*** Opening of Dataset entries ***

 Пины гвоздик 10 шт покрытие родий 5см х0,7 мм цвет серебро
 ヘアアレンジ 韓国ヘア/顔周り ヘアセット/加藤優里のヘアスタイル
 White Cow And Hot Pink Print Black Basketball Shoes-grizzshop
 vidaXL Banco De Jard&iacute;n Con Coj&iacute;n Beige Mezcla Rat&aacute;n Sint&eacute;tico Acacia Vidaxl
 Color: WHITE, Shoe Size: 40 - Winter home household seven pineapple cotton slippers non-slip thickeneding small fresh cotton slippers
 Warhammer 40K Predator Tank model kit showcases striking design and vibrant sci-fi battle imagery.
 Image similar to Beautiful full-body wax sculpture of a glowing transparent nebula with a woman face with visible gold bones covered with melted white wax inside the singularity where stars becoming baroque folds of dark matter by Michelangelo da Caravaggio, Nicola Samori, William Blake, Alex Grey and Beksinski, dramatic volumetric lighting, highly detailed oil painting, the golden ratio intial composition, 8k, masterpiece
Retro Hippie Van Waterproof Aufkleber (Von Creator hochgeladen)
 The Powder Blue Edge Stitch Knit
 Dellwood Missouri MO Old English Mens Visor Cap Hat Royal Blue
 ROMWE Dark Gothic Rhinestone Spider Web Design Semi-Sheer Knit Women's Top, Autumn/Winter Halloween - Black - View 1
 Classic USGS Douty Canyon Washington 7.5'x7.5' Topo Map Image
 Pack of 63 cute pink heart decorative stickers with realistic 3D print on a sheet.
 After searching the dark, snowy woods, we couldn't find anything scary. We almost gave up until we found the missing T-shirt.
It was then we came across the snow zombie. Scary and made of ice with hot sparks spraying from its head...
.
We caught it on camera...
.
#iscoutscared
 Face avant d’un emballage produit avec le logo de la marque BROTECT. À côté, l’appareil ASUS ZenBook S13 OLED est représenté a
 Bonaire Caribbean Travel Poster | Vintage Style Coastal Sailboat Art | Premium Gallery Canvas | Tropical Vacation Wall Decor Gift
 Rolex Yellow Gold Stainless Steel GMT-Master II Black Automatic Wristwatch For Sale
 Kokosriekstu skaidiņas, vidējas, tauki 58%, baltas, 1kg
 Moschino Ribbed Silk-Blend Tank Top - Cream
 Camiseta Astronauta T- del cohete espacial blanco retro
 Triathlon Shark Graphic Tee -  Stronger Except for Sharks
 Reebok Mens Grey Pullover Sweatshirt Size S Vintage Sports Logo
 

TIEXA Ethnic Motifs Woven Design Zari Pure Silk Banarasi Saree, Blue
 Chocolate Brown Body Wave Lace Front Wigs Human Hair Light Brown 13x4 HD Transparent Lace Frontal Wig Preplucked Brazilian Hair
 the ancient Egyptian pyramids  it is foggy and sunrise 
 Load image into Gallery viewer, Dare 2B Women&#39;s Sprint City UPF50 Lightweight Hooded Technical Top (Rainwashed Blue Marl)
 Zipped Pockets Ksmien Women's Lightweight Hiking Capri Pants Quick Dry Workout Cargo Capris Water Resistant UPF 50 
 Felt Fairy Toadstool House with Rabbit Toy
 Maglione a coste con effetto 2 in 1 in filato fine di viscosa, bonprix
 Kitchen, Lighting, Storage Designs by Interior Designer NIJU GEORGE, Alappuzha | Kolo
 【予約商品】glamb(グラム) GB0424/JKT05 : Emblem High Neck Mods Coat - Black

*** Close of Dataset entries ***

What the exercise asks: Write down how many lines of the data above carry the word "Lightweight". Nothing else belongs in the answer.

Exercise answer: 2